Shameless Self-Promotion
I was seventy-one years old when I began work on Write What You See: 99 PhotosTo Inspire Writing. Now I'm seventy-three, and the book is finally at the publisher where it's being fine tuned and made ready for the printer.
I've been delighted by the many positive comments I've received from educators who have read the unedited manuscript. Here's an excerpt from Diane Carver Sekeres' contribution. "Kellner's juxtaposition of his and others' photography with quotes, poetry, and prompts in WRITE WHAT YOU SEE is a feast of wonderment, inspiration, provocation, and stimulation."
Diane is a member of the Literacy Program Faculty at the College of Education, University of Alabama. Thank you, Diane!

The Case of the Thieving Seagull
Of all the writing activities that use images to inspire writing that have crossed my desk, Justin Van Kleeck’s “Thieving Seagull” assignment is among the most creative and original. “I show my students a video of a seagull that steals a bag of Doritos from a store in Scotland every day,” writes Van Kleeck. In the first part of the assignment, he directs the students to write a process paper in which they instruct their fellow seagulls on how to steal, open, and eat the Doritos. In the second part of the assignment, he tells the students to write from the point of view of a shopkeeper who is telling other shopkeepers how to prevent the seagull from stealing Doritos in a creative, non-violent way. "The key to the exercise,” concludes Van Kleeck, “ is for students to utilize the process approach while also employing their imaginations. They should be encouraged to create easy to follow, step-by-step instructions without skimping on style."

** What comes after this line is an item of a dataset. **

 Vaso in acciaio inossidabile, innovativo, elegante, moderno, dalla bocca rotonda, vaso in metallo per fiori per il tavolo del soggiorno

Does This Person Have a Toothache?
Well, we really don't know, do we? But whatever the problem may be, the image shown against an interesting and enigmatic background certainly is provocative.
Some students may simply study the photograph and allow their imaginations to guide them in their writing. Others may wish to discuss such questions as : (1) Is the person in the photograph a man or a woman? ((2) What is the meaning of the cryptic statement painted on the background? (3) Is the subject of the photograph in pain? If so, what is the cause of the pain? (4) If you could interview the subject of the photo, what would you want to find out about him or her?In any case, this photograph is just one example of thousands--maybe even millions--of others that can trigger ideas in the minds of students at all levels.

Nitwit of the Month Award
If Bill O'Reilly can have a "Pinhead" Award, why can't I have a "Nitwit" Award? Here's my first one. According to the London Daily Mail, a former British glamour model named Jayne Bennington spends the equivalent of $600 a month in an attempt to make her 11-year-old daughter into a beauty queen. Congratulations from across the pond, Jane. We look forward to the appearance of your unlucky daughter on a reality show very soon.